Tuesday, May 15, 2012

Don't Blame The Engineer

I was talking to someone at a big company recently, and we talked about their retention problem. The person said something to the effect that "We have so many engineers that you just can't cover everyone. There's too many places to hide!" My reaction was: "Wait a minute, why is it a problem with the individual engineers! In an organization this size, your problem is not the 300 bad eggs hiding in your organization. Your problem is the 300 directors (and up) and VPs you have of whom 50% are corrupting your culture intentionally, and 90% wasn't even aware of what your original culture was because nearly every manager you have was hired from the outside!"

Here's the hard truth about organizations. It's almost never the problem of a few "bad egg" engineers that's the root of your culture problem. I've a number of very bright friends at Yahoo, and they keep telling me that Yahoo still has great people, but you couldn't tell that from the outside: the problem is that at the top, the organization is dysfunctional, and no amount of great engineering can save you when you can't get your act together: even if one engineer somewhere in the organization were to invent the next billion dollar idea, that person wouldn't get heard, and wouldn't get sufficient resources in order to execute and deliver it to the market in order to generate that value.

Yet engineers persist on blaming other engineers for the problem. I'll never forget sitting down with a very senior engineer at Google several years ago discussing G-Drive. "The tech lead wasn't any good. If he was more persistent or more forceful, G-Drive might have launched." My jaw dropped. Knowing what we now know about how G-Drive was originally killed (it's documented in great detail in Steve Levy's book, In The Plex), we now know there was no way any engineer, no matter how forceful or brilliant, could have kept the project from the chopping block no matter what. The kind of people who could have saved that project were the people who were politically savvy enough to have the ear of Larry Page. Most of them were not engineers, they were managers, directors or "executives." I have no idea why the engineers I talk to feel the need to blame the engineers: it could be that just like with family quarrels, it's easy to turn the anger on the people you know well rather than the strangers.

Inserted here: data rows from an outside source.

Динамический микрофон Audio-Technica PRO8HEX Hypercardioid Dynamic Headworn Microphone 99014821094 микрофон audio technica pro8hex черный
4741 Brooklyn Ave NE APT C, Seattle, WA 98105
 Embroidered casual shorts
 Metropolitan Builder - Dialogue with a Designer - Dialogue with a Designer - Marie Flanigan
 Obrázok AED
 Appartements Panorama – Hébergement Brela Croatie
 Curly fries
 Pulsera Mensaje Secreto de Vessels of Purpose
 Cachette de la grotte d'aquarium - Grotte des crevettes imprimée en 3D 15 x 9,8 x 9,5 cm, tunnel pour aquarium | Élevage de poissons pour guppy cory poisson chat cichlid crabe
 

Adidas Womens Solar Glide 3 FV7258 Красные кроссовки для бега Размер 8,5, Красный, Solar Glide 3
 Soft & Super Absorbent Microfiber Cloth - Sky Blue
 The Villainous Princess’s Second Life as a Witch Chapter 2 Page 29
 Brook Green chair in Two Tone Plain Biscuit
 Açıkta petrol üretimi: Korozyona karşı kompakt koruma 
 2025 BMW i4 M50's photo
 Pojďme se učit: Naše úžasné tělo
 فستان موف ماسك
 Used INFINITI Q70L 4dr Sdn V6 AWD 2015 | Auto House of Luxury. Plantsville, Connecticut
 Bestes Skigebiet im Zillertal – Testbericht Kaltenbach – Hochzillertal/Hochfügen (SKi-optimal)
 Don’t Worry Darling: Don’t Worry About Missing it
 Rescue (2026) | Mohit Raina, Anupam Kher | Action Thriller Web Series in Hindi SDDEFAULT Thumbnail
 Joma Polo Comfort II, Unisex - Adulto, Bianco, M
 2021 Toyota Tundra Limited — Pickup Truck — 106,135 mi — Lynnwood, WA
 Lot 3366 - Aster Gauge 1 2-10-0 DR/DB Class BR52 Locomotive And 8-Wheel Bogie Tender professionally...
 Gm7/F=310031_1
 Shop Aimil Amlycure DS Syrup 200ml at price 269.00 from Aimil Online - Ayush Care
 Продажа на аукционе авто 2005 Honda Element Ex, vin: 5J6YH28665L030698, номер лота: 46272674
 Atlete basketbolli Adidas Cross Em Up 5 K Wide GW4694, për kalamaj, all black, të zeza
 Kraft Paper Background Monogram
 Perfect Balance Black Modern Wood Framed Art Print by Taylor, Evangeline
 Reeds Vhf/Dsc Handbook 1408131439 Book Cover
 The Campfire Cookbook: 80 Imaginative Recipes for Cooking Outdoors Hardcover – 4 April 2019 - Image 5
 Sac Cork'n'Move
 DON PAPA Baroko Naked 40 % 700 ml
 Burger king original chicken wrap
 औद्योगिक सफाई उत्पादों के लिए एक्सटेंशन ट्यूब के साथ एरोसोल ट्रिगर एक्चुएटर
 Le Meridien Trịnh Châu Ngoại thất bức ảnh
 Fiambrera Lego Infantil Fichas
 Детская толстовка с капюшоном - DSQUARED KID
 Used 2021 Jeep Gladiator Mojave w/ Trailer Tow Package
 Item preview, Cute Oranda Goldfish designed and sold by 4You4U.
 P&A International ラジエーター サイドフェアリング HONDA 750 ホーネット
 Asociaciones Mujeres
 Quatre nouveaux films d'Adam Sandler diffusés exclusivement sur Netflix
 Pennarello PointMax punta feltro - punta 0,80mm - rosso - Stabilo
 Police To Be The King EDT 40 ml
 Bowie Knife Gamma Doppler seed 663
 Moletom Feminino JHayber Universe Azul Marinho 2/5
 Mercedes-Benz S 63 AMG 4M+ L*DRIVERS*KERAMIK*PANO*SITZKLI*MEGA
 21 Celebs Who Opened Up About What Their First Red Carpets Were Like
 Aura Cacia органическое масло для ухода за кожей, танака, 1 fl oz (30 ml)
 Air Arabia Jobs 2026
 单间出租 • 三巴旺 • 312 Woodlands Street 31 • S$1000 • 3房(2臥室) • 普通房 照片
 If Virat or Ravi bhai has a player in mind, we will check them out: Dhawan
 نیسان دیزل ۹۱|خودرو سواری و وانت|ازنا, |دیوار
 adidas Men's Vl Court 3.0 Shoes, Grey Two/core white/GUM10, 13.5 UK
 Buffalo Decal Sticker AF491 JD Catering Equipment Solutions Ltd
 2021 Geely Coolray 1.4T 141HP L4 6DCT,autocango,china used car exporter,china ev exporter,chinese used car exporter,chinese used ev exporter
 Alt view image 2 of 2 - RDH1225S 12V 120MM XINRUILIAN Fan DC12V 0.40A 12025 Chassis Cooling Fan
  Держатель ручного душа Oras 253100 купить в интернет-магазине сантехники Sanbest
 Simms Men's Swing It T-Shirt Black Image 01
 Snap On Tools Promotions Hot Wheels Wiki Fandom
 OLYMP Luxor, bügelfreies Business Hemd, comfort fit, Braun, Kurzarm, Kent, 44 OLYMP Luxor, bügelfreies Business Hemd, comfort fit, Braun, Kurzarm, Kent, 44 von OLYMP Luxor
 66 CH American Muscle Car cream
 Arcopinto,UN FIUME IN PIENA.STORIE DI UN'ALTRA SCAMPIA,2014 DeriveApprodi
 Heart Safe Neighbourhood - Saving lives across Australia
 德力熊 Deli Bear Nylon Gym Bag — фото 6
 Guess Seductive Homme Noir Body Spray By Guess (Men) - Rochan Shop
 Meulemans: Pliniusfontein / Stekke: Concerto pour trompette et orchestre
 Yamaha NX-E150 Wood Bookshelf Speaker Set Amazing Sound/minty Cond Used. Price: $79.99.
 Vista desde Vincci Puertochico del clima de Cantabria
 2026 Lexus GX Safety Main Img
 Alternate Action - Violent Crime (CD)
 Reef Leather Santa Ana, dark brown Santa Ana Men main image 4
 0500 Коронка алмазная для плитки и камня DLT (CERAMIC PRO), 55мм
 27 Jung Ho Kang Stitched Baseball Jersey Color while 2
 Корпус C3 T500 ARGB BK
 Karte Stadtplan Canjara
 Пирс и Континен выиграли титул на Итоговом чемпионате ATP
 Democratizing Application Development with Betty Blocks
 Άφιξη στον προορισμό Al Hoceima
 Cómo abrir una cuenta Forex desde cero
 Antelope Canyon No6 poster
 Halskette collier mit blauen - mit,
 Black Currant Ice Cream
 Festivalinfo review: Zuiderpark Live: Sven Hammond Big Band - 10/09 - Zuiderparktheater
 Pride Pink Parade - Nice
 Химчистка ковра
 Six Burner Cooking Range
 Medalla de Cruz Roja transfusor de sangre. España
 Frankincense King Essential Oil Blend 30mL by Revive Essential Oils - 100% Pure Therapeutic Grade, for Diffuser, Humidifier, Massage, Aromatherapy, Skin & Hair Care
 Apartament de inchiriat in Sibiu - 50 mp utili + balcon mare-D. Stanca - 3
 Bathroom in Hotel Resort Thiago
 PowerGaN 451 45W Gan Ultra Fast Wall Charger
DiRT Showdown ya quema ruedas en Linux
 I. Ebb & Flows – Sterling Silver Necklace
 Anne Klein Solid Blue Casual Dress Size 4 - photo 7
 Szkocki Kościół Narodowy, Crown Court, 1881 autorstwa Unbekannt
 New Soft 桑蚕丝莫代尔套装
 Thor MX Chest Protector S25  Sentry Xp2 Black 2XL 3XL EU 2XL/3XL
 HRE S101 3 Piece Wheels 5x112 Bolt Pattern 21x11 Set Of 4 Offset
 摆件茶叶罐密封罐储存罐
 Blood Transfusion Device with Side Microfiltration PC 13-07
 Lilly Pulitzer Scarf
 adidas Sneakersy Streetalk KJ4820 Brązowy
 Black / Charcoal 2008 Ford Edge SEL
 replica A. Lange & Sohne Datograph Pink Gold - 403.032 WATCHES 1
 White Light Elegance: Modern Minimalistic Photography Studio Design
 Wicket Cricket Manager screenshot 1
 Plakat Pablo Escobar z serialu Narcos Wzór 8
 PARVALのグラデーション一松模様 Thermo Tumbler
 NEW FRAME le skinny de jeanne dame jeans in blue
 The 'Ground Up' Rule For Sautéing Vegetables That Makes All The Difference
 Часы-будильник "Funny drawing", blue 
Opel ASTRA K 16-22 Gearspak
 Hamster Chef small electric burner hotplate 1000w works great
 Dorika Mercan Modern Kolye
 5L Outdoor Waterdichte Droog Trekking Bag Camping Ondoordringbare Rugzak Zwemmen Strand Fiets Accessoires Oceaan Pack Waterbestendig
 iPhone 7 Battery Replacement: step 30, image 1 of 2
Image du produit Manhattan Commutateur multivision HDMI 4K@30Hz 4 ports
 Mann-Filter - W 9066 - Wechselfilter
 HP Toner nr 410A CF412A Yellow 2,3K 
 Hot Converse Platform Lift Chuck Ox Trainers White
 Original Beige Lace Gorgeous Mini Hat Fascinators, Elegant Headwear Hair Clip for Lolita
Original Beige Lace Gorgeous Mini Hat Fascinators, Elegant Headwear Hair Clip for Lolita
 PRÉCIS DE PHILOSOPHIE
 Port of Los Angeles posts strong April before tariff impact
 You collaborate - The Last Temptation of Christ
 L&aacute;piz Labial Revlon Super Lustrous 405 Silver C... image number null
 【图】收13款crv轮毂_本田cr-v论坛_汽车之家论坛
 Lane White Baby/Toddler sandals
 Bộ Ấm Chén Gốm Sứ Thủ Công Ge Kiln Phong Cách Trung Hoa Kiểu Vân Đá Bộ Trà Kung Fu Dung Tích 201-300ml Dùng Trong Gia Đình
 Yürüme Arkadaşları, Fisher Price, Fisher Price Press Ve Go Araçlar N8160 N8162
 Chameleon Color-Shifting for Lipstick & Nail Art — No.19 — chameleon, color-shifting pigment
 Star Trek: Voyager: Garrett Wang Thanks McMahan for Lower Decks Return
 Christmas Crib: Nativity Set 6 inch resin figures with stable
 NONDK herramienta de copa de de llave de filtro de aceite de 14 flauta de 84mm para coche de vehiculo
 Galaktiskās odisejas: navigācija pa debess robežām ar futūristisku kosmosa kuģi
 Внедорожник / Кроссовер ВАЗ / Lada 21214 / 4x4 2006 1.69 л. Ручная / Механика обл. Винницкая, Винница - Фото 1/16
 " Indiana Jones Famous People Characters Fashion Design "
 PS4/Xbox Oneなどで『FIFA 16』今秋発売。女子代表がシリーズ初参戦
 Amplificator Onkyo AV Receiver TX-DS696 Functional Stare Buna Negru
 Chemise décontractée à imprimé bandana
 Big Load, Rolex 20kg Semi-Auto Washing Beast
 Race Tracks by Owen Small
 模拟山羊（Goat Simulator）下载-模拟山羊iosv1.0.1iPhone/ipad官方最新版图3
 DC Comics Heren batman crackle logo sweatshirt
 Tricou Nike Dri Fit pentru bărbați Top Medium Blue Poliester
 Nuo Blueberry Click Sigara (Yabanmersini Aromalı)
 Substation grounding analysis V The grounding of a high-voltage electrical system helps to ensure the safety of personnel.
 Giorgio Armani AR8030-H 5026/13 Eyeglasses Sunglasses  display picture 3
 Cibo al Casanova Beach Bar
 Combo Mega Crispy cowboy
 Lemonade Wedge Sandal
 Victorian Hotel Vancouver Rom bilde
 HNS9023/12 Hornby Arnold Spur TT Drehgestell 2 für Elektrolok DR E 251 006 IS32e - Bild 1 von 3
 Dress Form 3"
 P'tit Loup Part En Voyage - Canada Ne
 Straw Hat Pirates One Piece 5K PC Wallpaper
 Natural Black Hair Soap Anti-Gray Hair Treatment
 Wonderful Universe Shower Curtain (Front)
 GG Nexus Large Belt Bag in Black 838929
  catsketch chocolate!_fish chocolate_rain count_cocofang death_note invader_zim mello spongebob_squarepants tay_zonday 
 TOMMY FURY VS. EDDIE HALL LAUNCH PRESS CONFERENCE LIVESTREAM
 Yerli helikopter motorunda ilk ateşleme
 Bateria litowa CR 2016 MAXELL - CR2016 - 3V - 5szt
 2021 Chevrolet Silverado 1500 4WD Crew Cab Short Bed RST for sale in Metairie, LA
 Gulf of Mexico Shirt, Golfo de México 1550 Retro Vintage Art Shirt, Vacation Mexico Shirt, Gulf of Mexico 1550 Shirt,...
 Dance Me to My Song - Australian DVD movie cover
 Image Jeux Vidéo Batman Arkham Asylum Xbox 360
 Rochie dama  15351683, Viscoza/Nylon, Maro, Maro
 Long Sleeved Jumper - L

Yes, there are circumstances under which engineers can and should take the blame. If you chose to build an entire website on PHP, or tried to scale a web-site based on Ruby on Rails, you deserve all the derision you get from your engineering peers. But even such screw ups, by and large, do not tank the company. And as long as you don't screw up management big time, you'll get a chance to rectify those errors. And yes, if you're at a 3 person startup and the product sucks because of engineering decisions, then blame the engineer(s) involved. But seriously, at a large company (anything over 200 people), blaming the engineer simply means that the management sucks and won't take responsibility for its mistakes. If you're such an engineer in such a firm, go get yourself a new job. Waiting for management that sucks to admit its made a mistake could take a really long time.

In Startup Engineering Management, I note that peer based systems cannot scale past Dunbar's number. One of the unnoted pernicious side effects, however, is that peer based systems also make it easy for management to shirk the important management tasks: that of choosing new managers as well as promoting the right people.